Una linea dura, quella che contraddistingue il premier in inedita versione giustizialista, che lo stesso Renzi, però, non ha seguito in passato, quando altri esponenti del suo governo sono stati oggetto di indagini di procure della Repubblica.
Nessuna levata di scudi, da parte dell’ex sindaco di Firenze, di fronte all’indagine che coinvolse Vito De Filippo (Partito democratico). Il sottosegretario al ministero della Salute era finito sotto inchiesta nel 2013. La questione riguardava irregolarità in relazione a rimborsi per spese elettorali e dalle carte emersero curiosi acquisti di francobolli. Il 20 gennaio del 2015, De Filippo – insieme con l’attuale presidente della regione Basilicata, Marcello Pittella, e altre 20 persone – è stato condannato dalla Corte dei conti a risarcire 196mila euro di danni prodotti in seguito all’uso indebito di fondi per spese di rappresentanza. Per Renzi nessun problema: De Filippo è ancora al suo posto al dicastero della Salute, ma dovrà risarcire, stando alla pronuncia della magistratura contabile, 2.641,52 euro. Il premier non ha dato alcun peso alla sentenza della Corte secondo la quale l’esame dei documenti di spesa ha fatto ritenere «provata l’esistenza di un diffuso malcostume da parte dei consiglieri regionali» diretto a ottenere «un illegittimo rimborso di ingiustificate spese, principalmente di vitto e alloggio».

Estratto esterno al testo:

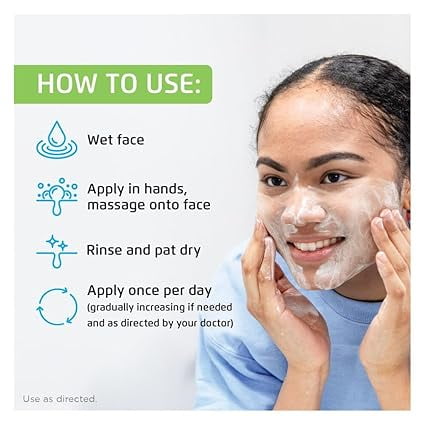 OXY Maximum Action Advanced Face Wash 5 oz (Pack of 6)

Nessun dito alzato nemmeno per Francesca Barracciu (Pd). Il Sottosegretario al ministero dei Beni culturali dal 2013 risulta indagata nell’ambito dell’inchiesta sulle «spese pazze» dei fondi ai gruppi regionali (nello specifico in Sardegna). Più nel dettaglio è accusata di peculato nell’indagine avviata dalla Procura di Cagliari sull’utilizzo dei fondi destinati ai gruppi del consiglio regionale sardo. Barracchiu a causa di questa vicendaa fu convinta a ritirarsi dalla corsa per la presidenza della regione Sardegna da Renzi, che poi l’ha ricompensata, appunto, con la poltrona di sottosegretario ai Beni culturali.
E ancora: ecco Umberto Del Basso De Caro, esponente Democrat e Sottosegretario al ministero per le Infrastrutture. Del Basso De Caro è indagato della procura di Napoli per i rimborsi non rendicontati del Consiglio regionale campano. Dagli archivi dellea agenzie di stampa, risulta che il 25 novembre è stata chiesta l’archiviazione della sua posizione, ma non si conoscono sviluppi: non si sa, cioè, se la richiesta di archiviazione sia stata accolta.
Poi c’è il caso di Giuseppe Castiglione (Ncd). Sottosegretario al ministero dell’Agricoltura, Castiglione è iIndagato per abuso d’ufficio e turbativa d’asta per gli appalti della struttura di accoglienza per richiedenti asilo più grande di Europa, a Mineo in Sicilia. L’iscrizione di Castiglione nel registro degli indagati è stato un atto dovuto dopo la consegna del fascicolo ai magistrati siciliani che stanno verificando se sono stati compiuti reati nella gestione del centro. L’episodio centrale riguarda un appalto da 97 milioni di euro affidato nel 2014 con un ribasso dell’1 per cento.